RecList ships with some popular datasets and ready-made behavioral tests: check the paper for more details on the relevant literature and the philosophical motivations behind the project.

If you are not familiar with the library, we suggest first taking our small tour to get acquainted with the main abstractions through ready-made models and public datasets.

Quick Links

  • Our paper, with in-depth analysis, detailed use cases and scholarly references.
  • A colab notebook (WIP), showing how to train a cart recommender model from scratch and use the library to test it.
  • Our blog post (forthcoming), with examples and practical tips.

Project updates

Nov. 2021: the library is currently in alpha. We welcome contributions and feedback, but please be advised that the package may change substantially in the upcoming months.
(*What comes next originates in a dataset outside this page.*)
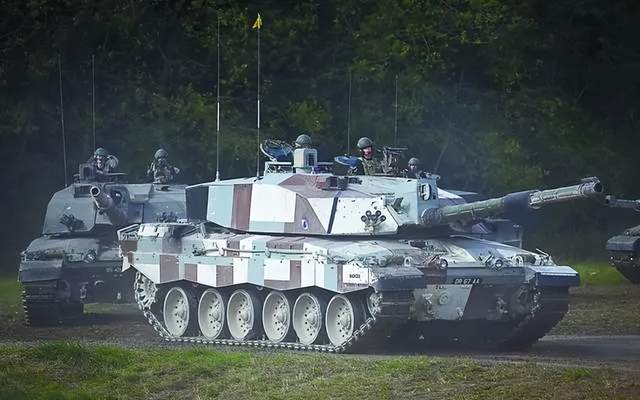 德国坦克进入乌克兰（德军解放乌克兰）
As the project is in active development, come back often for updates.

Summary

This doc is structured as follows:

Quick Start

If you want to see RecList in action, clone the repository, create and activate a virtual env, and install the required packages from root. If you prefer to experiment in an interactive, no-installation-required fashion, try out our colab notebook.

Sample scripts are divided by use-cases: similar items, complementary items or session-based recommendations. When executing one, a suitable public dataset will be downloaded, and a baseline ML model trained: finally, the script will run a pre-made suite of behavioral tests to show typical results.

git clone https://github.com/jacopotagliabue/reclist
cd reclist
python3 -m venv venv
source venv/bin/activate
pip install -e .
python examples/coveo_complementary_rec.py

Running your model on one of the supported dataset, leveraging the pre-made tests, is as easy as implementing a simple interface, RecModel.

Once you've run successfully the sample script, take the guided tour below to learn more about the abstractions and the out-of-the-box capabilities of RecList.

A Guided Tour

An instance of RecList represents a suite of tests for recommender systems: given a dataset (more appropriately, an instance of RecDataset) and a model (an instance of RecModel), it will run the specified tests on the target dataset, using the supplied model.

For example, the following code instantiates a pre-made suite of tests that contains sensible defaults for a cart recommendation use case:

rec_list = CoveoCartRecList(
    model=model,
    dataset=coveo_dataset
)
# invoke rec_list to run tests
rec_list(verbose=True)

Our library pre-packages standard recSys KPIs and important behavioral tests, divided by use cases, but it is built with extensibility in mind: you can re-use tests in new suites, or you can write new domain-specific suites and tests.

Any suite must inherit the RecList interface, and then declare with Pytonic decorators its tests: in this case, the test re-uses a standard function:

class MyRecList(RecList):

    @rec_test(test_type='stats')
    def basic_stats(self):
        """
        Basic statistics on training, test and prediction data
        """
        from reclist.metrics.standard_metrics import statistics
        return statistics(self._x_train,
            self._y_train,
            self._x_test,
            self._y_test,
            self._y_preds)

Any model can be tested, as long as its predictions are wrapped in a RecModel. This allows for pure "black-box" testings, a SaaS provider can be tested just by wrapping the proper API call in the method:

class MyCartModel(RecModel):

    def __init__(self, **kwargs):
        super().__init__(**kwargs)

    def predict(self, prediction_input: list, *args, **kwargs):
        """
        Implement the abstract method, accepting a list of lists, each list being
        the content of a cart: the predictions returned by the model are the top K
        items suggested to complete the cart.
        """

        return

While many standard KPIs are available in the package, the philosophy behind RecList is that metrics like Hit Rate provide only a partial picture of the expected behavior of recommenders in the wild: two models with very similar accuracy can have very different behavior on, say, the long-tail, or model A can be better than model B overall, but at the expense of providing disastrous performance on a set of inputs that are particularly important in production.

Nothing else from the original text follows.